Task goal >>
Take the entries that follow and return only the lines from the one with "Chalet sauna pentagonal" through the final line, leaving every picture behind.
_ _ _ _ _ _ _
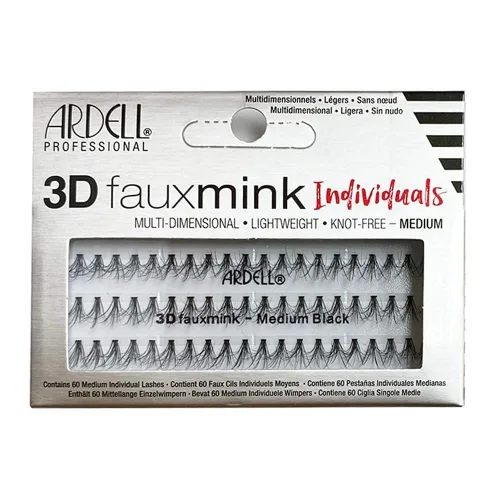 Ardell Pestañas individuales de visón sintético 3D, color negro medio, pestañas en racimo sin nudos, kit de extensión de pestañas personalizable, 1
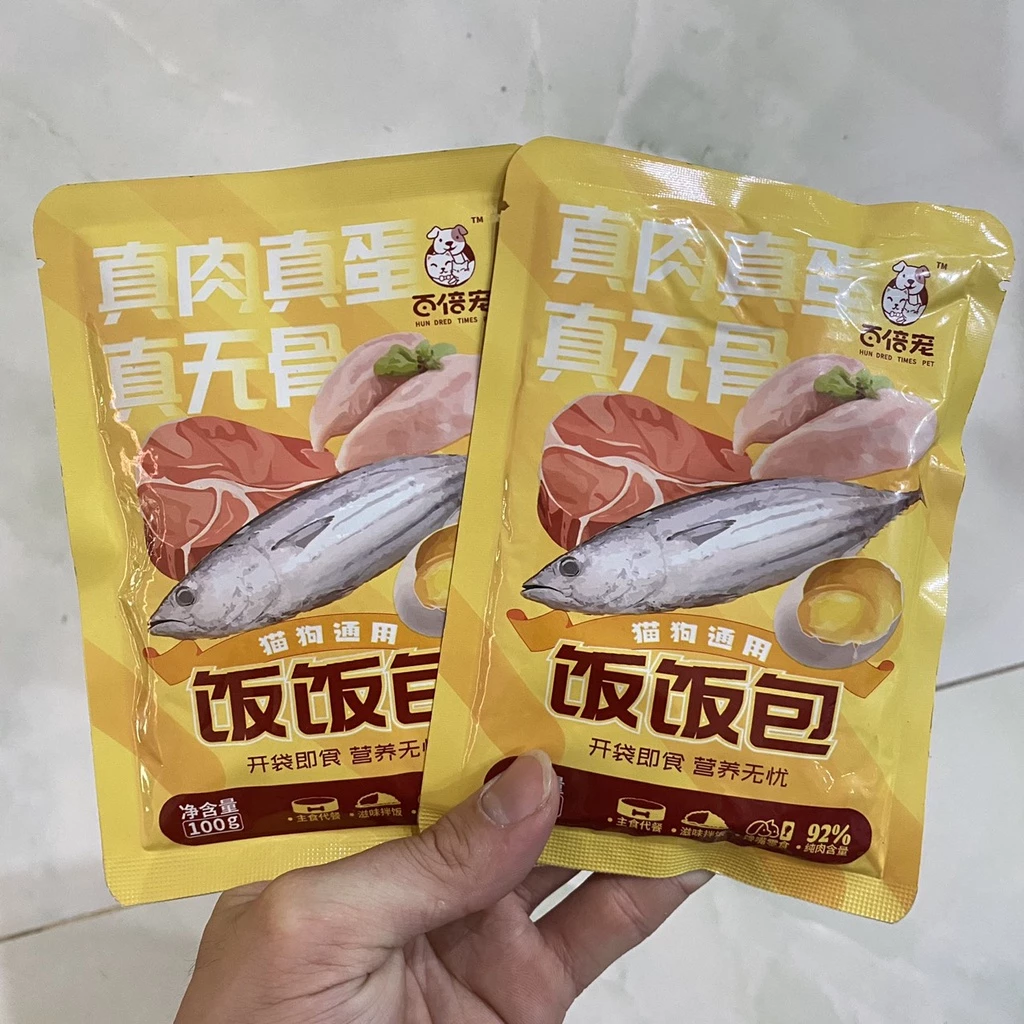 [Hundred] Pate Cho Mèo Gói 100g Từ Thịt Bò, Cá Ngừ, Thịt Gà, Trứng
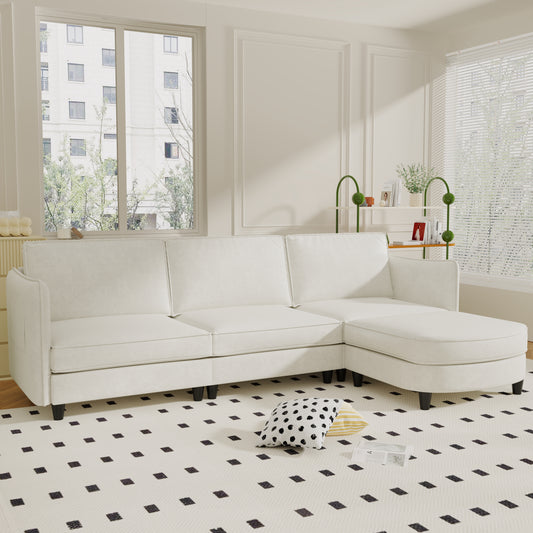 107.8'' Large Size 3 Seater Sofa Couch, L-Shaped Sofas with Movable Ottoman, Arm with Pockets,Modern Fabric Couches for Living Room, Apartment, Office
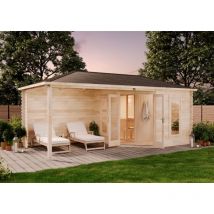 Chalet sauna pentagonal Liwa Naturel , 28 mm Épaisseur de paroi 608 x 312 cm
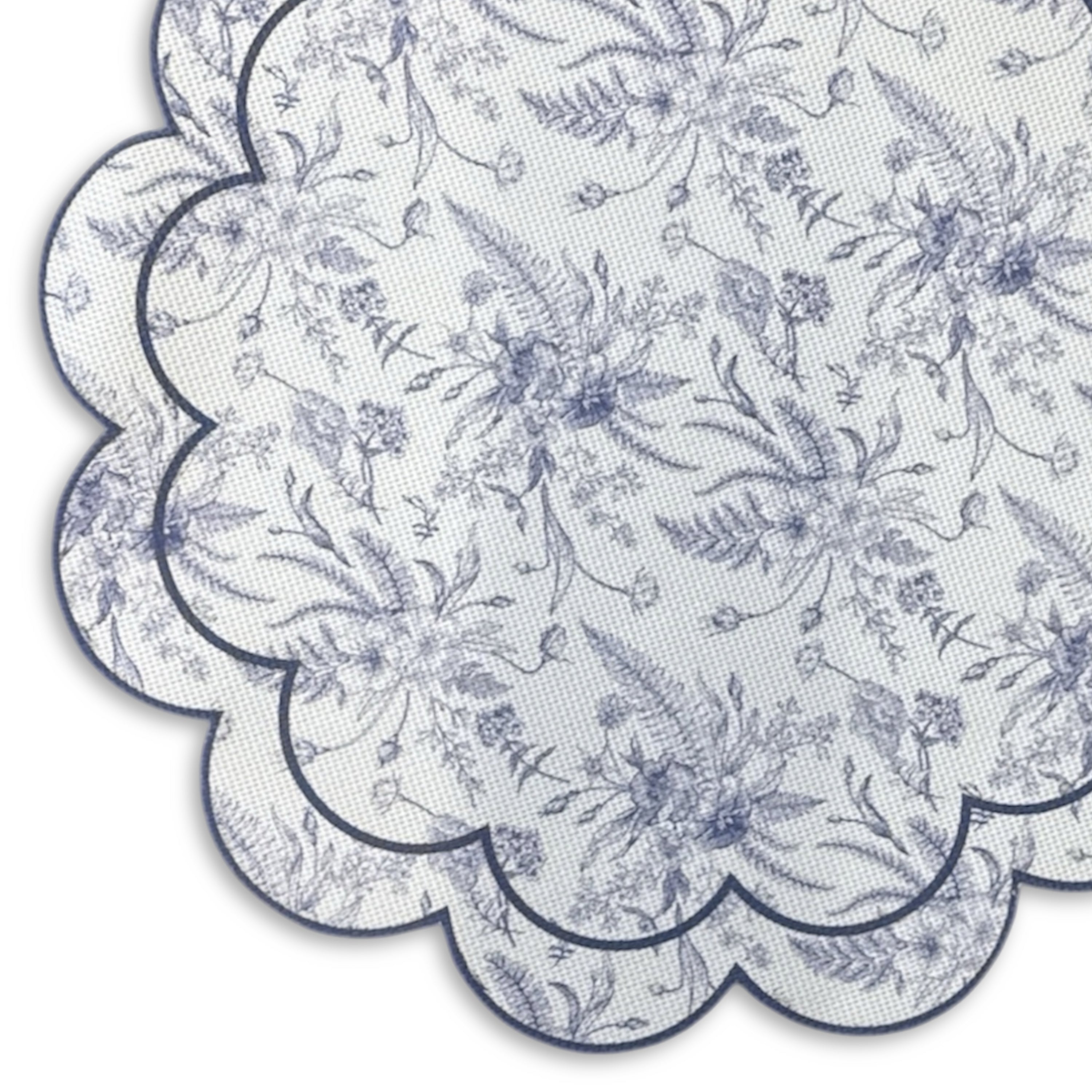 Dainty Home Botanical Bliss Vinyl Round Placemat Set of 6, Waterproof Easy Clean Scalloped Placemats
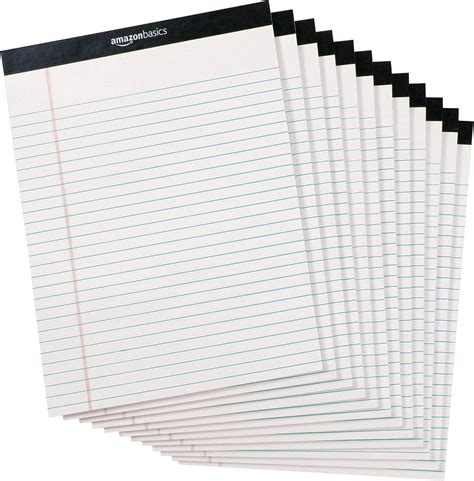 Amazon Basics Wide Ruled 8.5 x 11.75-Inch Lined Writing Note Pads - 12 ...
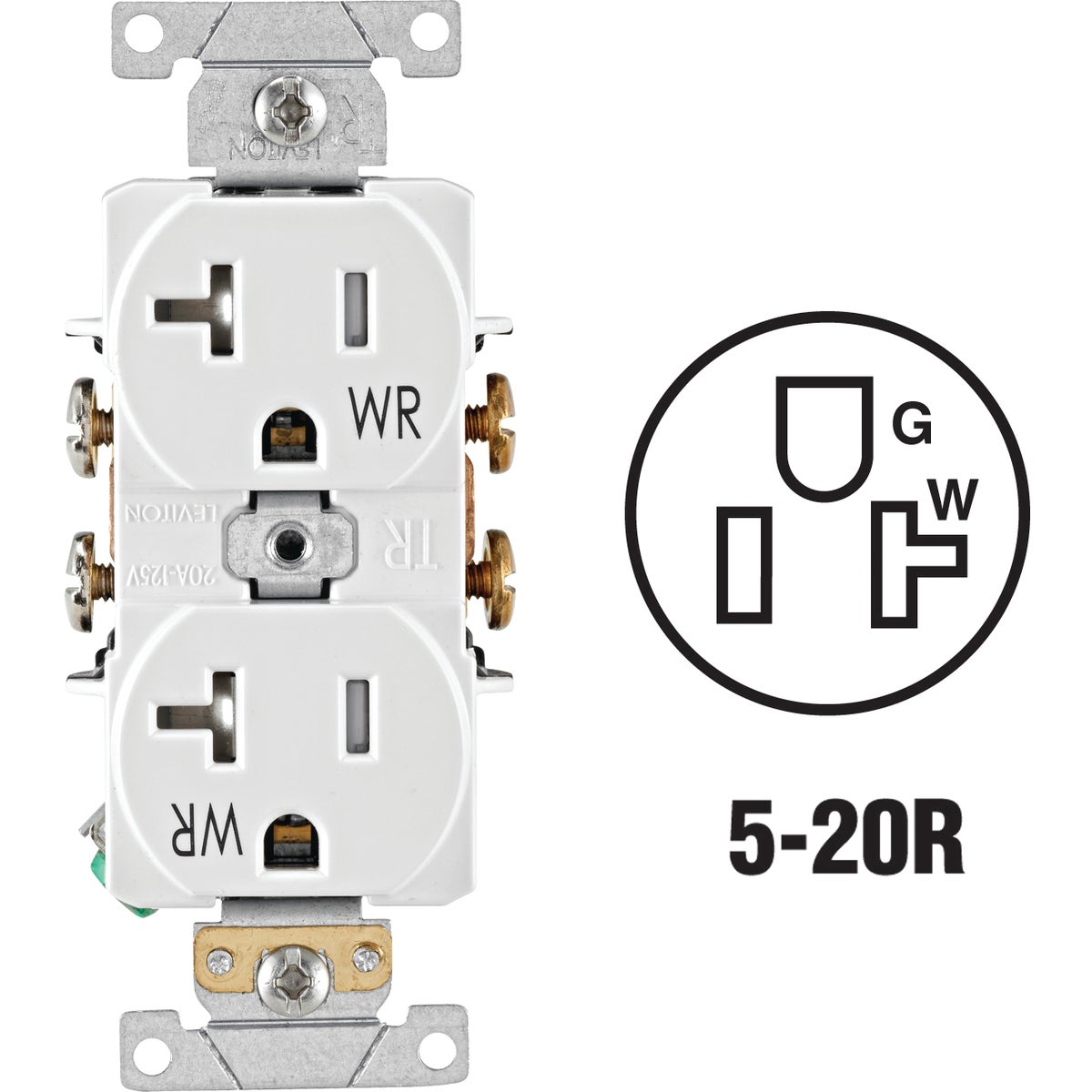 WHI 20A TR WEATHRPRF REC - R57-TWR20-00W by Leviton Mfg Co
_ _ _ _ _ _ _
Response box >>
 Chalet sauna pentagonal Liwa Naturel , 28 mm Épaisseur de paroi 608 x 312 cm
 Dainty Home Botanical Bliss Vinyl Round Placemat Set of 6, Waterproof Easy Clean Scalloped Placemats
 Amazon Basics Wide Ruled 8.5 x 11.75-Inch Lined Writing Note Pads - 12 ...
 WHI 20A TR WEATHRPRF REC - R57-TWR20-00W by Leviton Mfg Co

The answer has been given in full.